PROBLEM TO SOLVE :: For every record beneath this instruction, give an exact repetition, omitting images.

GIVEN INFORMATION ::

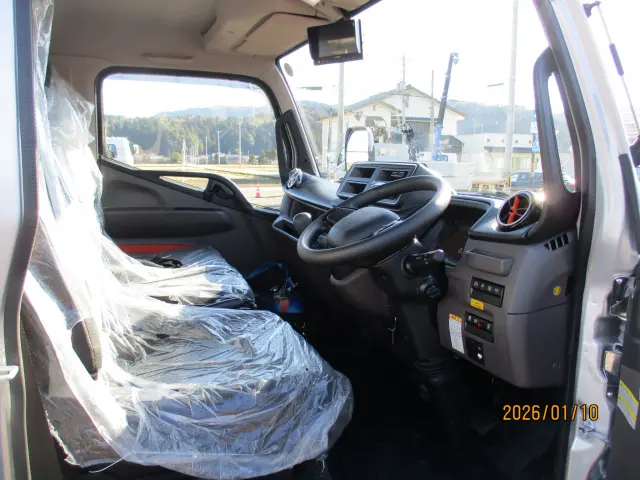 三菱 キャンター 2PG-FEB90(2WD)の写真14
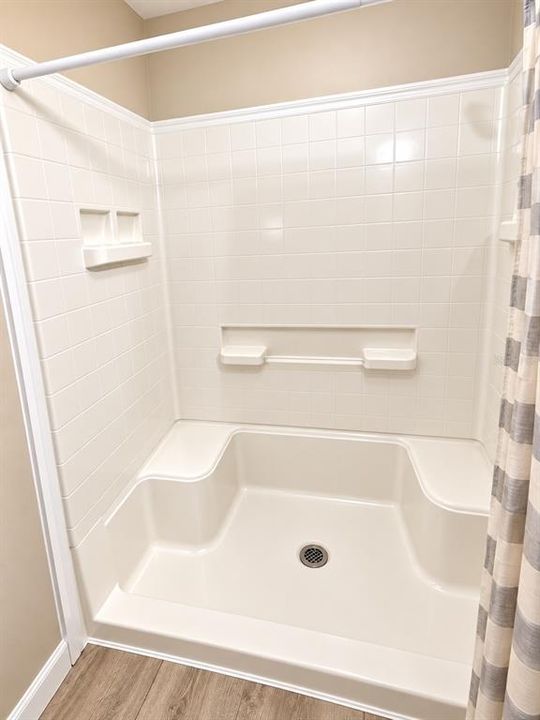 For Sale: $195,000 (2 beds, 2 baths, 368 Square Feet)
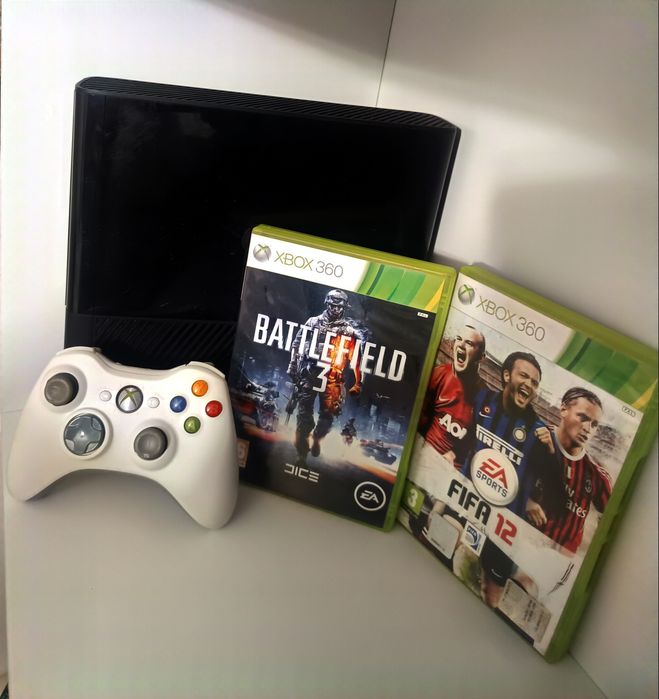 Xbox 350 E Black Pro Edition (ultimul model)+1 Controller+Jocuri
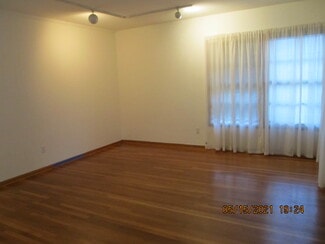 8124 Gonzaga Ave, Los Angeles, CA 90045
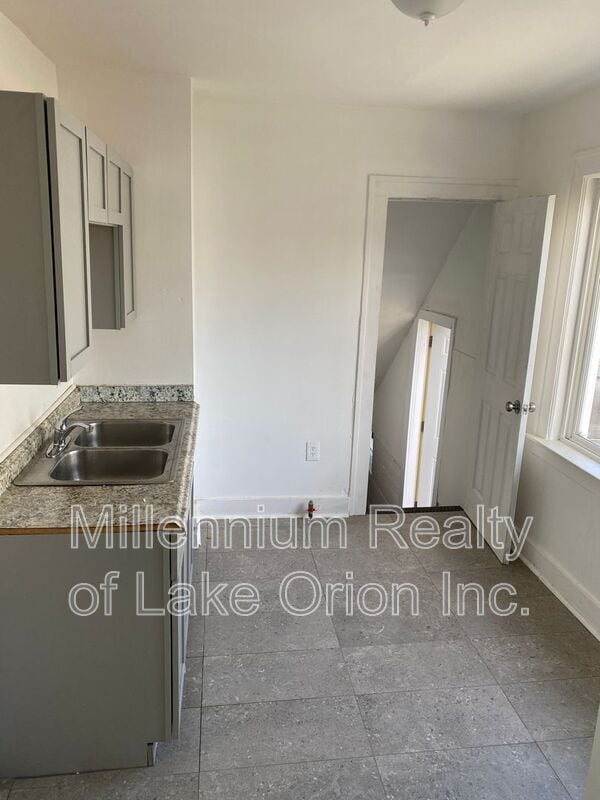 Photo - 638 Joslyn Ave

EXERCISE SOLUTION ::
 三菱 キャンター 2PG-FEB90(2WD)の写真14
 For Sale: $195,000 (2 beds, 2 baths, 368 Square Feet)
 Xbox 350 E Black Pro Edition (ultimul model)+1 Controller+Jocuri
 8124 Gonzaga Ave, Los Angeles, CA 90045
 Photo - 638 Joslyn Ave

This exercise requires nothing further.